Tahun ini menjadi Ramadhan paling pilu bagi Nuraini (35) serta empat anaknya, yaitu Serli (10), Melgi (8), Ema (4), dan Eping (7 hari). Eping adalah panggilan untuk anak yang belum diberi nama. Jumat (20/7) lalu, saat sebagian warga Desa Malei, Kecamatan Balaesang Tanjung, Kabupaten Donggala, sekitar 185 kilometer utara Kota Palu, Sulawesi Tengah, sudah menjalani hari pertama puasa, Nuraini justru harus memakamkan suaminya. Masdudin (48), yang tertembak pada bagian pinggul tembus ke perut pada Rabu pagi, tewas pada Kamis pukul 14.45 Wita.

Sebenarnya, pada Kamis dini hari Masdudin, yang sempat disembunyikan di hutan, dilarikan ke Rumah Sakit (RS) Bhayangkara karena kondisinya kritis. Namun, takdir berkata lain. Kesedihan tak hanya dirasakan keluarga Masdudin, tetapi hampir semua warga desa yang pagi itu meratapi kedatangan jenazahnya.

Beruntung, warga desa yang sebelumnya terlibat konflik dan terbagi dua kubu yang pro dan kontra terkait rencana eksploitasi tambang emas di wilayah itu menahan diri. Usai pemakaman Masdudin, mereka memilih berkonsentrasi menjalankan ibadah puasa.

Pada Selasa terjadi perusakan puluhan rumah warga yang dinilai mendukung masuknya tambang ke wilayah tersebut. Selain rumah, warga juga merusak sebuah pos polisi serta membakar sebuah kamp milik perusahaan dan dua unit kendaraan alat berat. Perusakan dilakukan warga yang menyatakan diri antitambang. Keesokan harinya saat lebih dari 100 personel polisi masuk ke wilayah itu dan menangkap warga yang diduga melakukan perusakan, terjadi bentrok antarwarga dan aparat.

Lima warga tertembak. Mereka adalah Masdudin dan Aksan (45) yang terkena tembakan di bagian belakang. Tiga lainnya adalah Idin (35) dan Rusli (38) yang masing-masing terkena di bagian kaki serta Ma’ruf (32) di pantat. Pasca-kejadian, banyak warga yang bersembunyi di hutan, termasuk korban luka tembak. Hanya Masdudin yang dilarikan keluar hutan karena kondisinya yang memburuk.

Sarat masalah

Konflik antarwarga dan dengan polisi bermula dari rencana masuknya PT Cahaya Manunggal Abadi ke Kecamatan Balaesang Tanjung untuk eksploitasi tambang emas. Perusahaan ini mengantongi izin usaha pertambangan (IUP) dengan luas areal sekitar 5.000 hektar yang mencakup delapan desa. Warga menolak karena sebagian besar lokasi yang masuk dalam izin adalah kebun dan ladang mereka yang berisi tanaman kakao, cengkeh, kelapa, dan lainnya.

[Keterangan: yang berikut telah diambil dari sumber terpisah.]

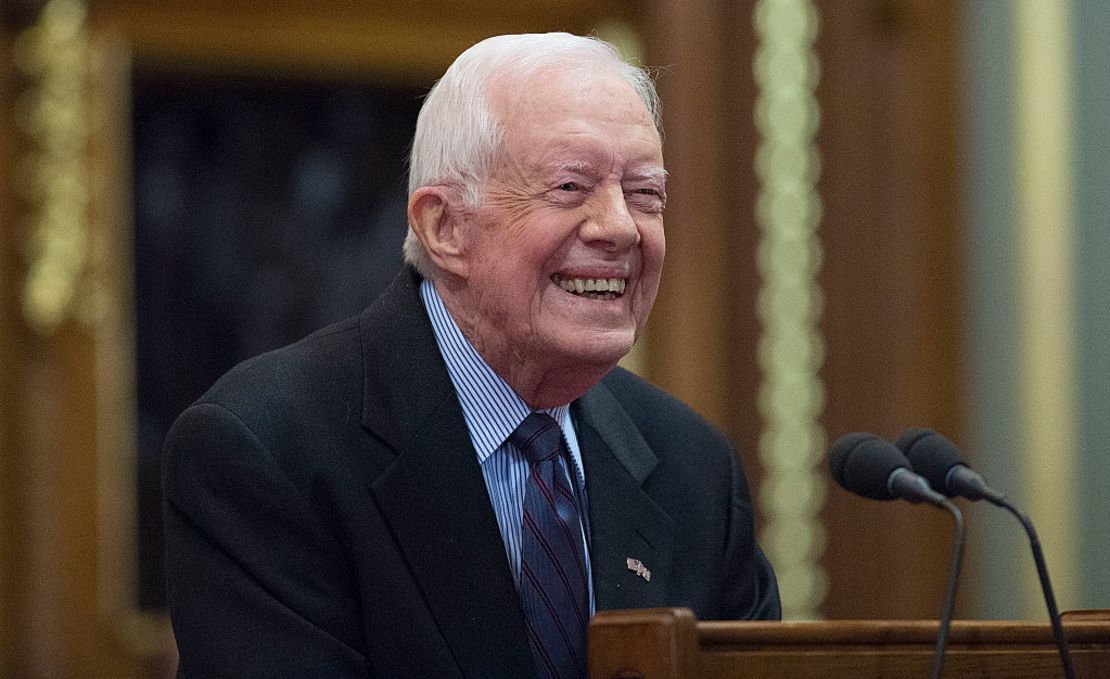 Former US President Jimmy Carter delivers a lecture on Guinea worm eradication on February 3, 2016 in London. Credit: Eddie Mullholland-WPA Pool/Getty Images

”Kalau tambang ini masuk, habis semua kebun warga jadi lokasi tambang. Sejak awal kami menolak, tetapi penolakan kami tidak pernah didengar. Bahkan, izinnya keluar dan amdalnya pun keluar tanpa ada persetujuan warga,” kata Rustam, salah seorang warga setempat.

Hal ini dibenarkan Abdul Muis Yahya, anggota DPRD Donggala. Seluruh kebun warga di Balaesang Tanjung luasnya kurang dari 4.000 hektar. Ini berarti jika tambang emas ini jalan, sebagian rumah warga juga akan masuk dalam lokasi tambang.

”Bahkan, sebagian wilayah Danau Rano yang ada di wilayah tersebut yang dijadikan pusat pembibitan ikan air tawar juga akan masuk dalam lokasi tambang. Ini juga termasuk hutan lindung yang ada di sekitar danau. Sejak awal warga memang menolak karena mereka turun-temurun sudah menyandarkan hidup dalam sektor perkebunan. Kebun mereka amat subur. Kalaupun ada yang sepakat dengan tambang, hingga kini kompensasinya belum jelas,” kata Muis.

Anehnya, kendati sejak awal ditentang warga, rencana eksploitasi tambang ini tetap jalan. Bahkan, izin Amdalnya keluar tanpa sepengetahuan, apalagi persetujuan warga. Ini kemudian membuat warga kian meradang. Terlebih saat sebagian warga dinilai sepakat dengan tambang.

Kesepakatan warga nyatanya sebagian karena terpaksa. Ini, antara lain, diakui Abdul Rauf Lamuse, Kepala Badan Permusyawaratan Desa (BPD) Malei, yang rumahnya menjadi amukan warga lain.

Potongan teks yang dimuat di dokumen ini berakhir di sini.